■ **PROBLEM STATEMENT**
Beginning with the line that contains "Sea fan on the", retype the entries below exactly, ending with the line that contains "The vibrant color". Leave out any pictures.

■ **SUPPLIED INFORMATION**
==========

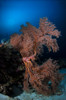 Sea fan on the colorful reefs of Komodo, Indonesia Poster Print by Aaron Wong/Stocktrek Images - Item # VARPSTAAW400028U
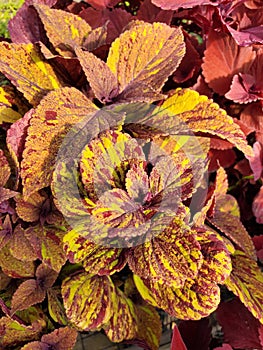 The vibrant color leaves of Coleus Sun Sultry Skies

==========

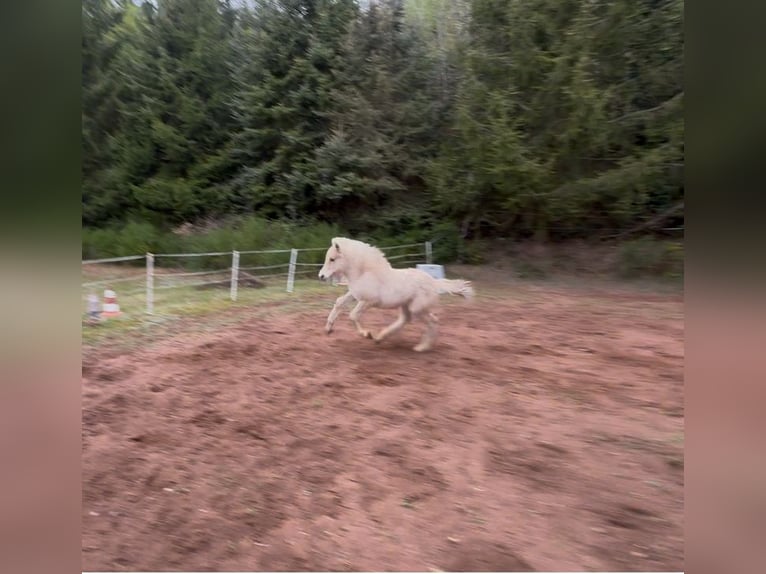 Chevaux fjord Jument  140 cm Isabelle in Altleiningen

==========

■ **SOLUTION TO THIS EXERCISE**
 Sea fan on the colorful reefs of Komodo, Indonesia Poster Print by Aaron Wong/Stocktrek Images - Item # VARPSTAAW400028U
 The vibrant color leaves of Coleus Sun Sultry Skies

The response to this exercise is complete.